VA Education Secretary Atif Qarni shares advice on financial aid and college admission process with Gar-Field students
Posted on 10/22/2018
VA Secretary of Education (right) in assembly at Gar-Field High School with Principal Dr. Cherif Sadki (left)Virginia Secretary of Education Atif Qarni visited Gar-Field High School recently as part of a statewide tour to promote opportunities and resources for high school students.

He inspired an assembly of 120 juniors and seniors representing Gar-Field High School’s student diversity, with a specific emphasis on first-generation college-goers, immigrant students, and students who would benefit from information on financial aid and scholarship options at Virginia’s various public institutions.

The first point Qarni made was that students should fill out the financial aid application as early as possible, and to take advantage of in-state tuition.

Qarni’s special assistant, Rose Minor, and Kyree Norman, specialist in Governor Ralph Northam’s office, both immigrants, also spoke to the students and told of their struggles and challenges. The team introduced students to RaiseMe, a scholarship site that recognizes coursework, clubs and sports, and community service.

“Our students were excited by the RaiseMe micro-scholarship process,” said Brian Basset, International Baccalaureate (IB) program coordinator at Gar-Field. “For many, it made the idea of paying for college a possibility.
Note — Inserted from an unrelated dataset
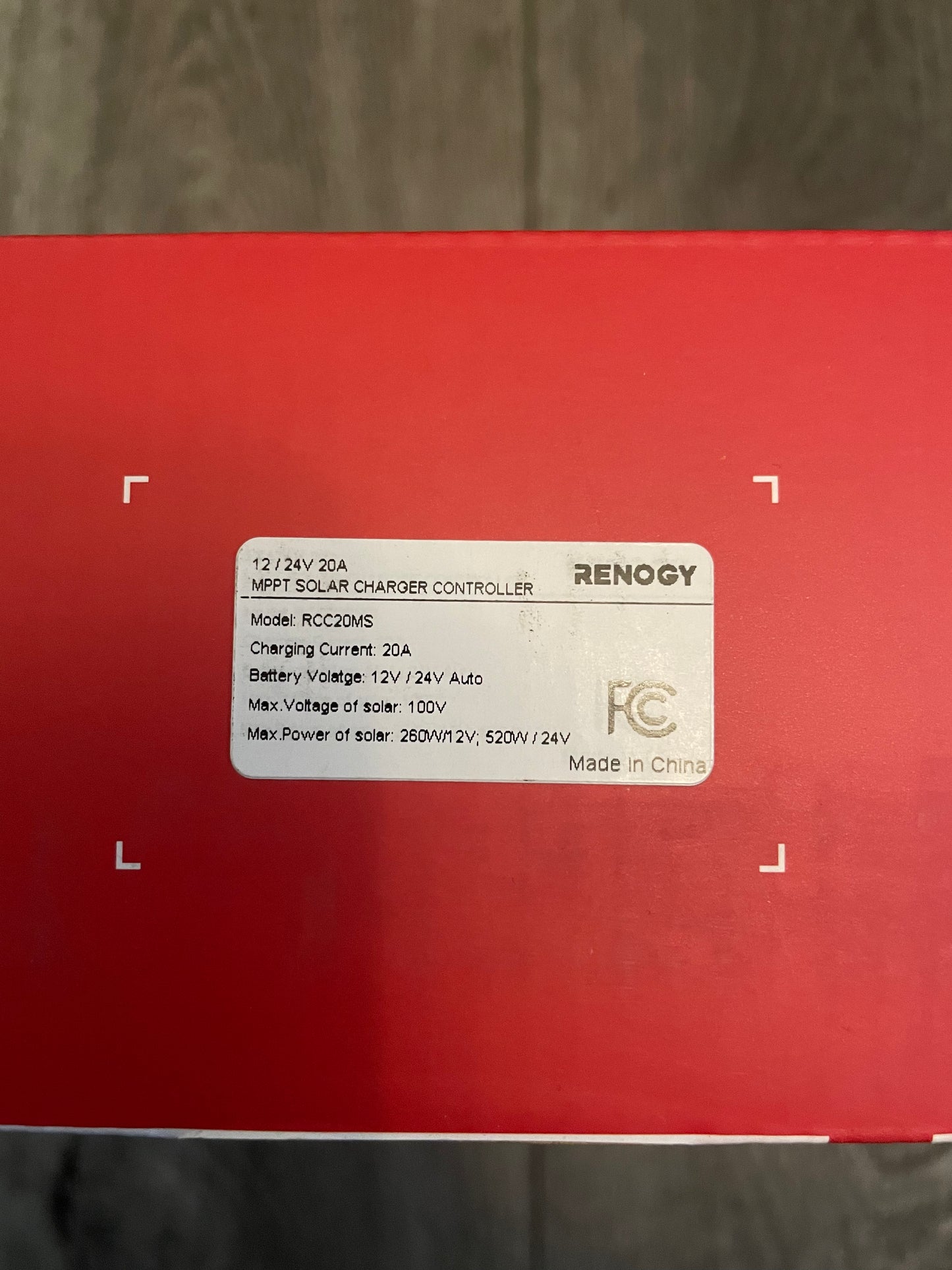 MPPT Solar Charge Controller 20A Renogy RCC20MS 12V 24V Temp Monitor
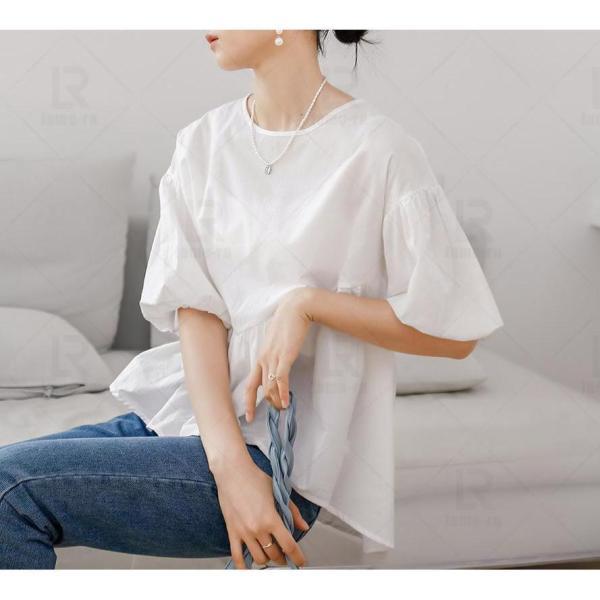 ス Tシャツ レディース バックギャザー カットソー バックフリル 二の腕カバー 半袖 無地パッチワーク ゆったり 丸ネック夏 綿 快適 デザイン | ブランド登録なし | 09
It also revealed a benefit of attending a school whose student population helps qualify a school for these micro scholarships.”

Minor, who attended University of Virginia, answered a student’s question about a grade point average (GPA) being an obstacle to college acceptance.

“Institutions are looking for great people, people with citizenship and collaboration skills, and who are creative. Volunteer work is a huge component; colleges want to see a full picture of an individual; they want to see more than a GPA,” Minor said.

Qarni told students to be persistent when applying to college, and that universities are telling him they are looking for good, engaging stories.
“You have really great stories that you can share,” Qarni said. “Demonstrate that through the application process. I cannot emphasize that enough. Universities are looking for people who have gone through challenges. Challenges build character. You have to try. Apply to as many colleges as you can; you never know where life will take you.”

Asked to describe what college is like, and his advice, Norman said, “Be prepared for a tough time. Study groups are very important to help you focus on just studying. Make that a daily habit. Be early with everything; don’t panic, don’t give up.” 

Gar-Field High School Principal Dr. Cherif Sadki closed the assembly, telling students that “no matter your background, ethnicity, socioeconomic status, or immigration status, please don’t give up hope.”